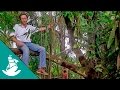 El Futuro del Amazonas (documental completo)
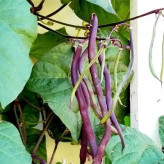 بذر لوبیا بنفش کارمینات (بسته 20 عددی) کد 157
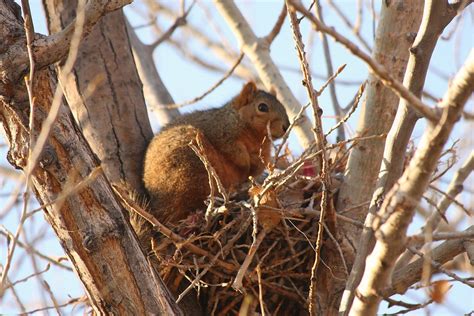 Eastern Fox Squirrel Squirrel In Its Drey Tree Nest Flickr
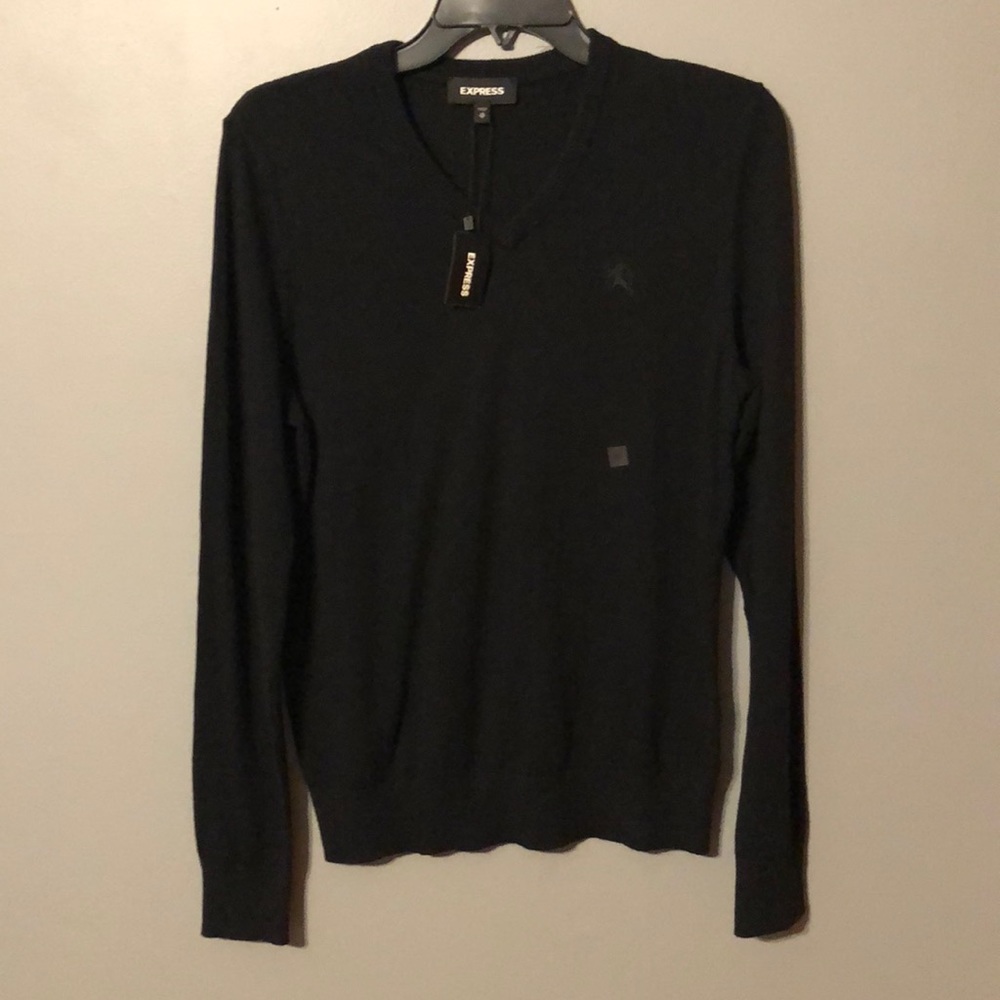 Express v neck sweater.
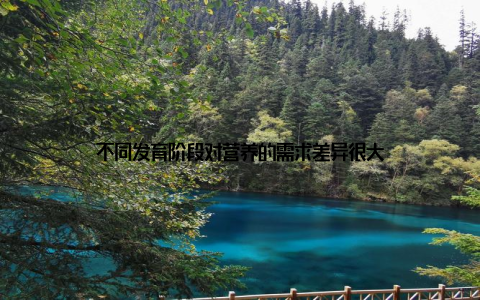 不同发育阶段对营养的需求差异很大
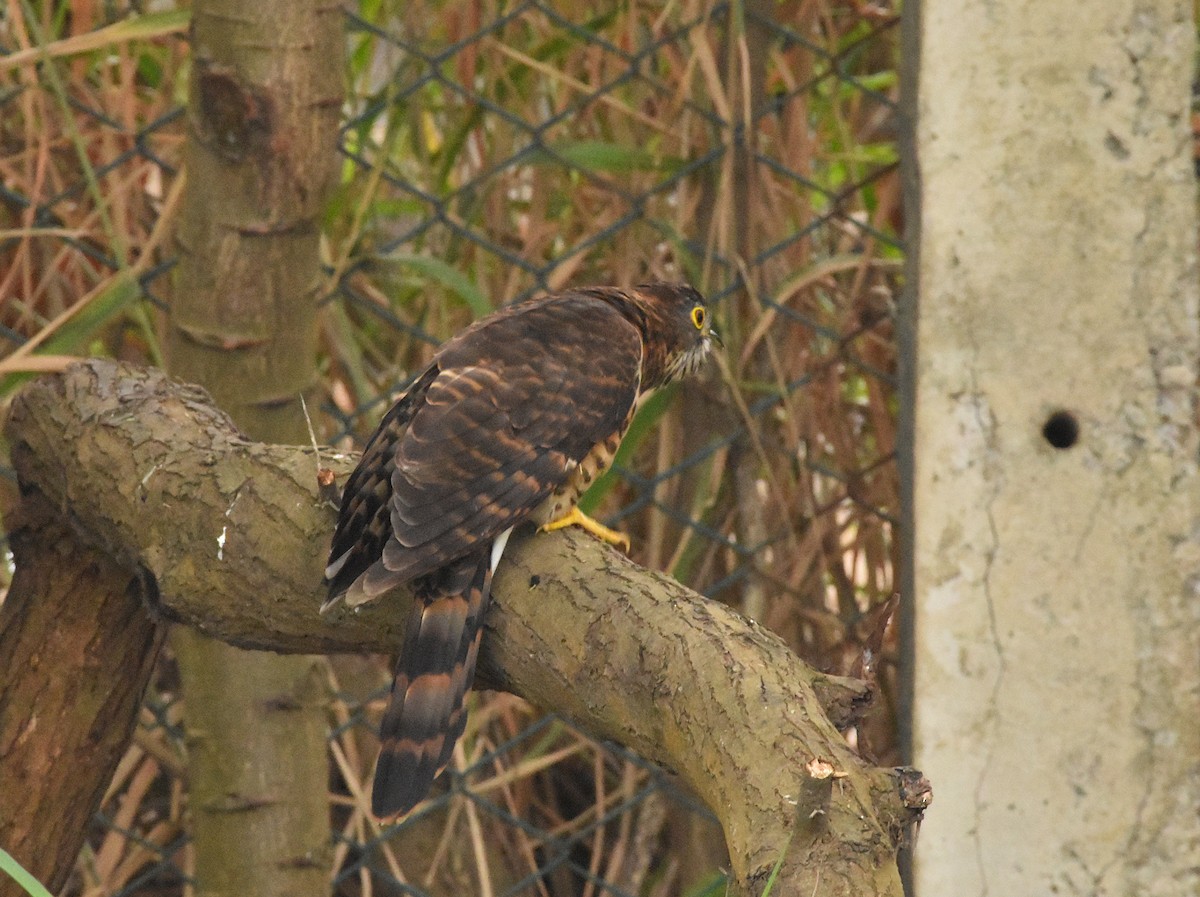 Large Hawk-Cuckoo - ML646388934
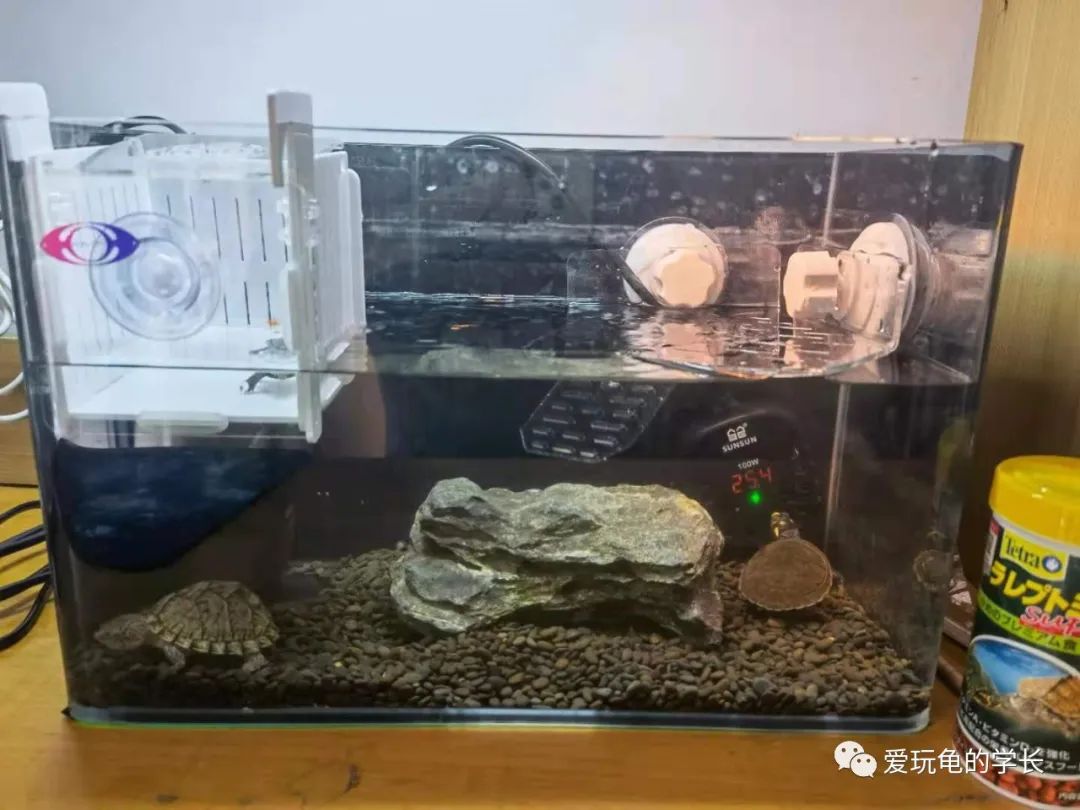 在家养乌龟副业_在家养乌龟怎么养比较好_在家养乌龟好吗风水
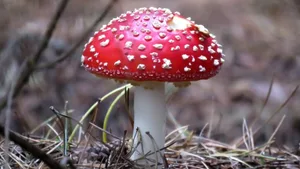 Der Fliegenpilz ist ein Altbekannter – Millionen von anderen Pilzarten sind aber noch unentdeckt.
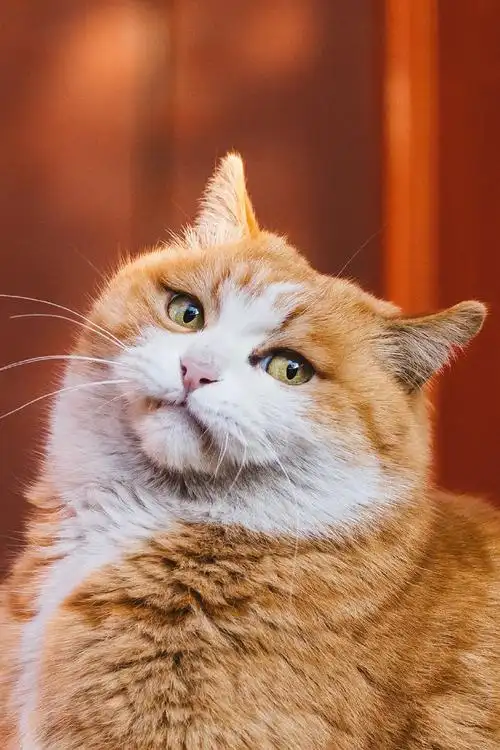 帕帕居然摆出了一个可爱的姿势,真的太会了.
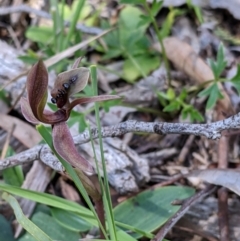 Chiloglottis x pescottiana at suppressed - suppressed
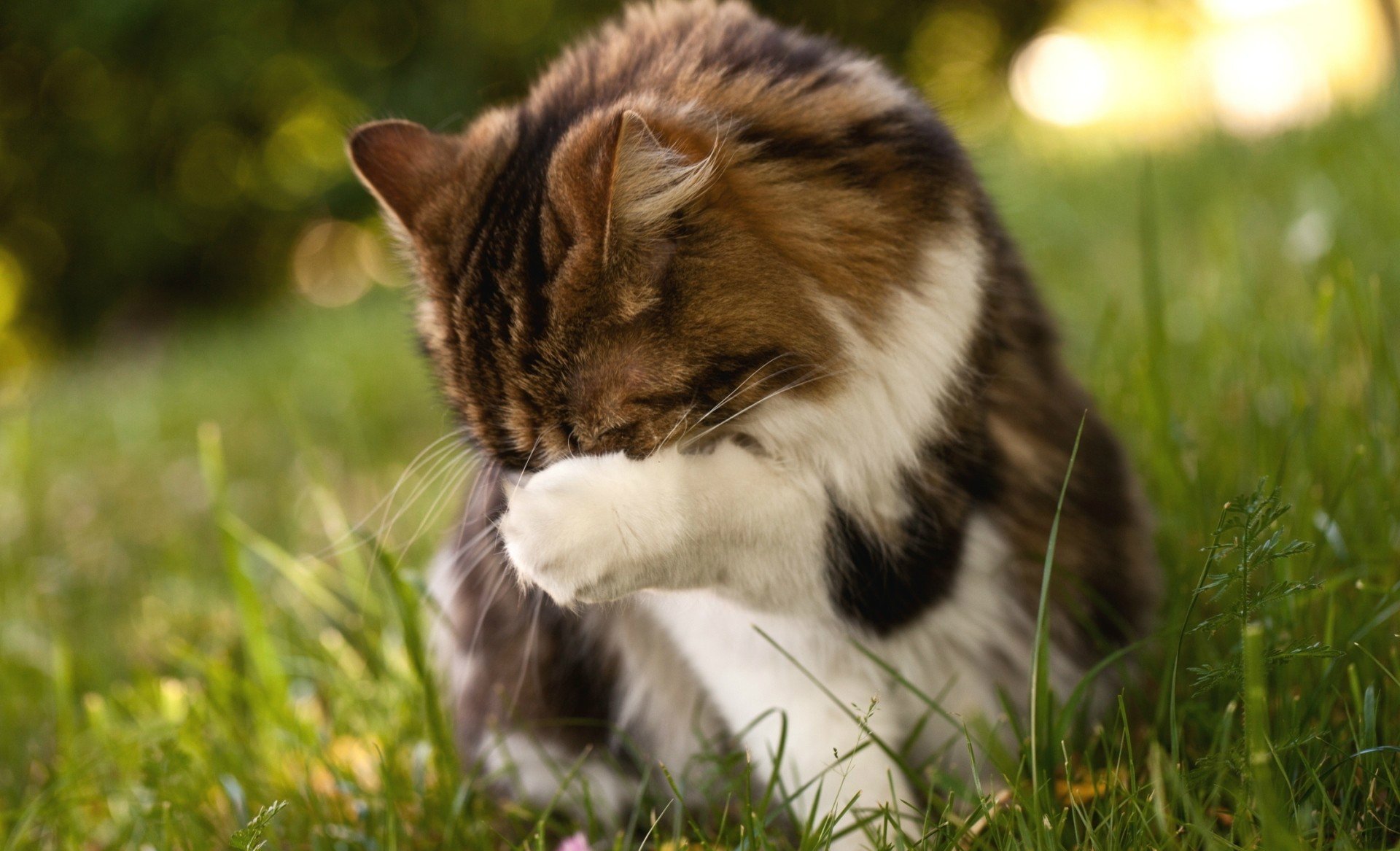 gatti gatto zampa erba verde natura sfondo carta da parati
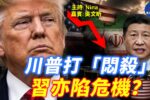 香港希望之聲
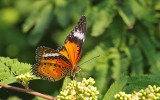 Leopard Lacewing Butterfly Cethosia cyane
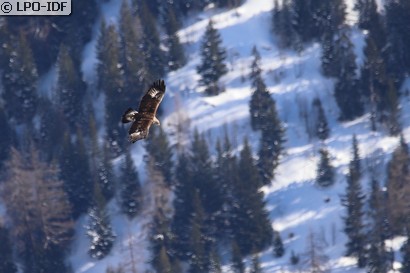 Aigle royal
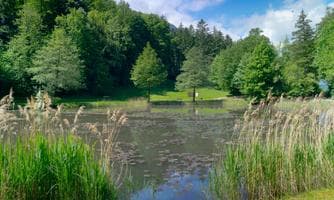 See Beats am Egelsee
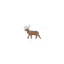 Caribou Symbol Style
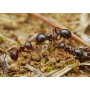 Красногрудый муравей-жнец. Messor denticulatus. (самка + 10-20 рабочих)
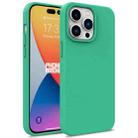 For iPhone 16 Pro Wheat Straw TPU Phone Case(Green) - 1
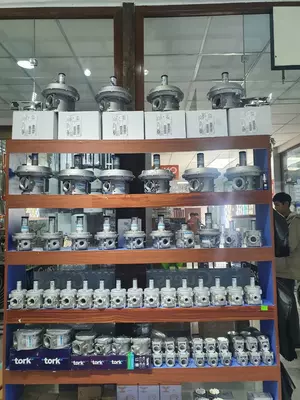  Газовый редуктор ТОРК Ф50 1м.бар - 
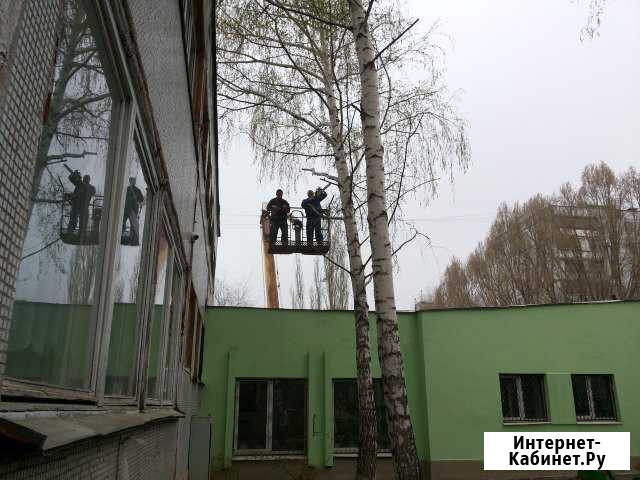 Кронирование и спил деревьев Самара - изображение 1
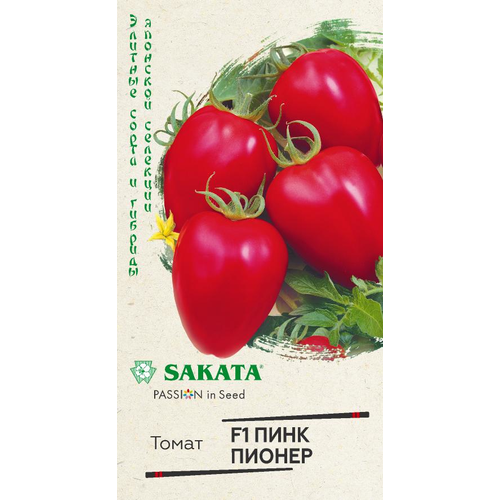 ���� ������ ����� ���� ������ F1 5�� ����� (������) ������ ������ ������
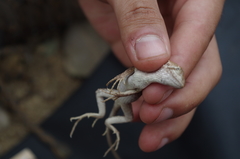 Stenocercus iridescens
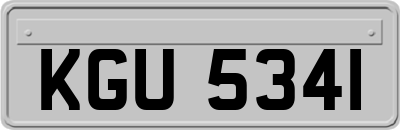 KGU5341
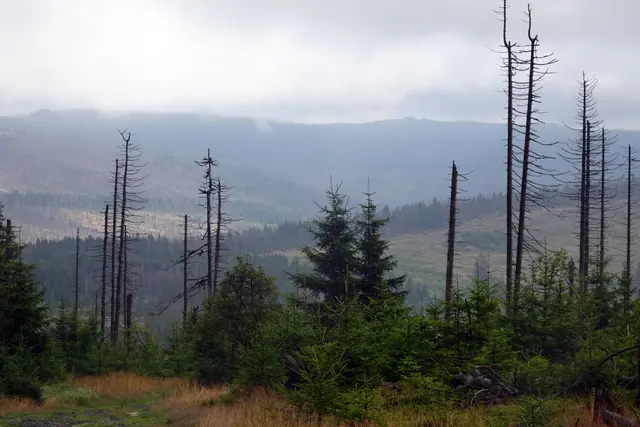 Blick vom Achtermann bei Nebel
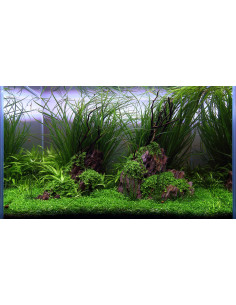 Tropica Lot Aquascaping Facile - Layout 113 (75L)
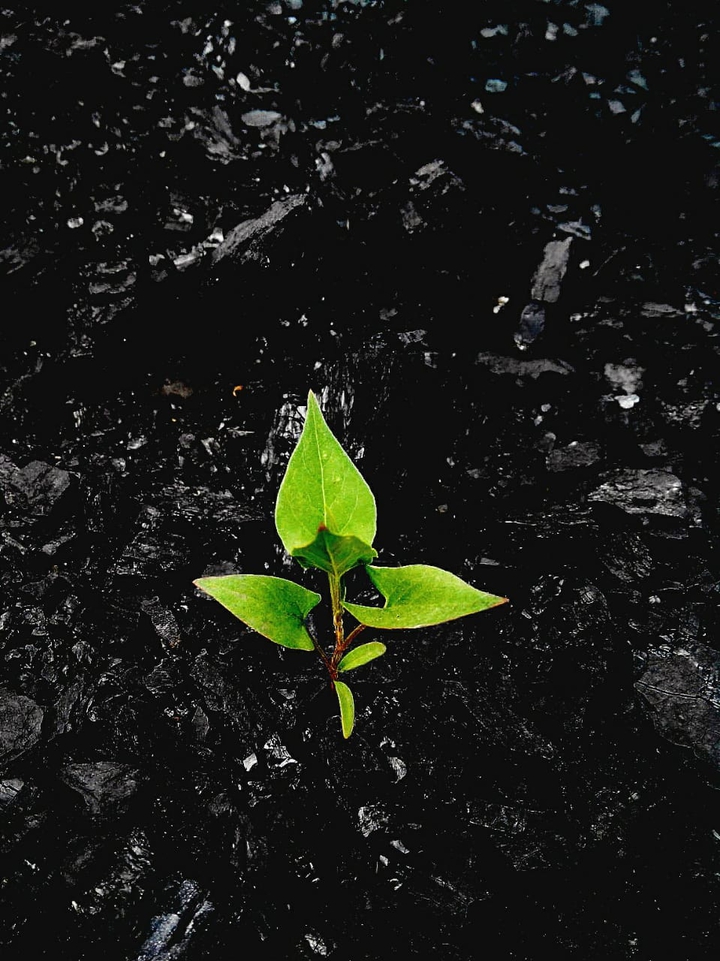 plant?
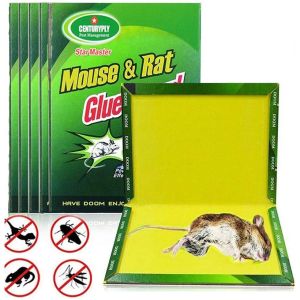 Mouse Rat Glue Trap Rodent expert/Rat Glue snare sticker mice board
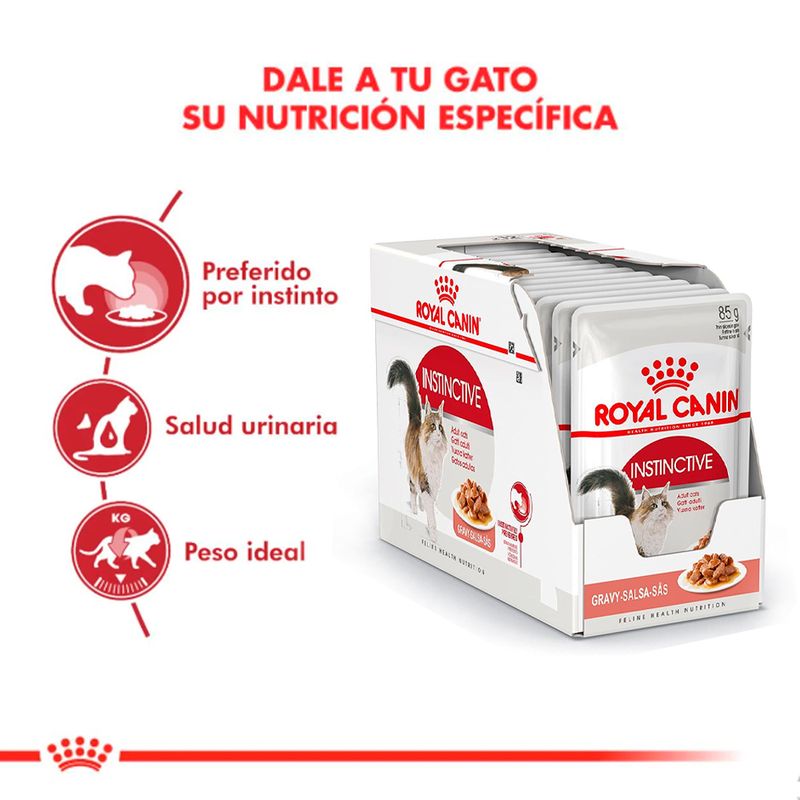 instictive-info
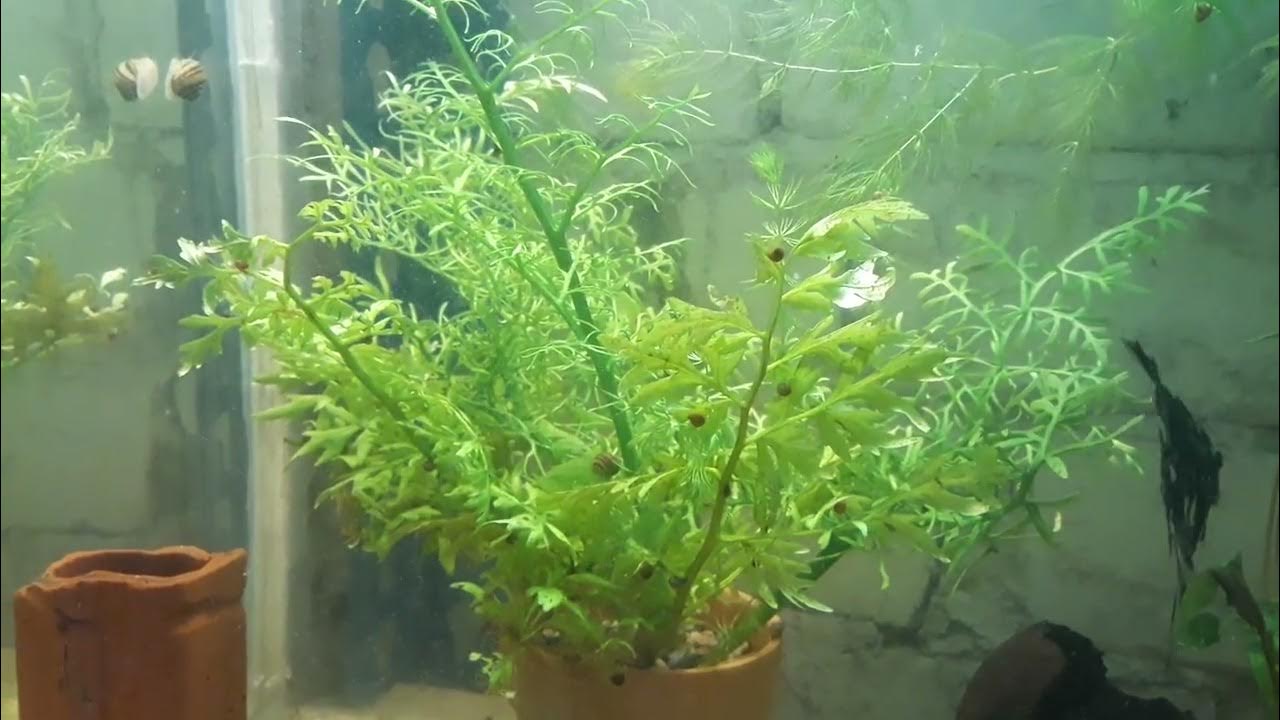 Папоротник Крыловидный - красивый кустик! #Аквариум #Папоротник - YouTube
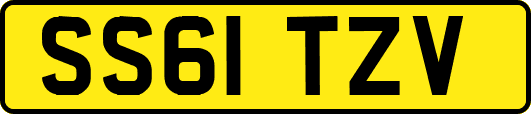 SS61TZV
• • • •
- **Prompt**
Give the entries again, exactly and in full, with no image included.

- **Result for this task**
 El Futuro del Amazonas (documental completo)
 بذر لوبیا بنفش کارمینات (بسته 20 عددی) کد 157
 Eastern Fox Squirrel Squirrel In Its Drey Tree Nest Flickr
 Express v neck sweater.
 不同发育阶段对营养的需求差异很大
 Large Hawk-Cuckoo - ML646388934
 在家养乌龟副业_在家养乌龟怎么养比较好_在家养乌龟好吗风水
 Der Fliegenpilz ist ein Altbekannter – Millionen von anderen Pilzarten sind aber noch unentdeckt.
 帕帕居然摆出了一个可爱的姿势,真的太会了.
 Chiloglottis x pescottiana at suppressed - suppressed
 gatti gatto zampa erba verde natura sfondo carta da parati
 香港希望之聲
 Leopard Lacewing Butterfly Cethosia cyane
 Aigle royal
 See Beats am Egelsee
 Caribou Symbol Style
 Красногрудый муравей-жнец. Messor denticulatus. (самка + 10-20 рабочих)
 For iPhone 16 Pro Wheat Straw TPU Phone Case(Green) - 1
  Газовый редуктор ТОРК Ф50 1м.бар - 
 Кронирование и спил деревьев Самара - изображение 1
 ���� ������ ����� ���� ������ F1 5�� ����� (������) ������ ������ ������
 Stenocercus iridescens
 KGU5341
 Blick vom Achtermann bei Nebel
 Tropica Lot Aquascaping Facile - Layout 113 (75L)
 plant?
 Mouse Rat Glue Trap Rodent expert/Rat Glue snare sticker mice board
 instictive-info
 Папоротник Крыловидный - красивый кустик! #Аквариум #Папоротник - YouTube
 SS61TZV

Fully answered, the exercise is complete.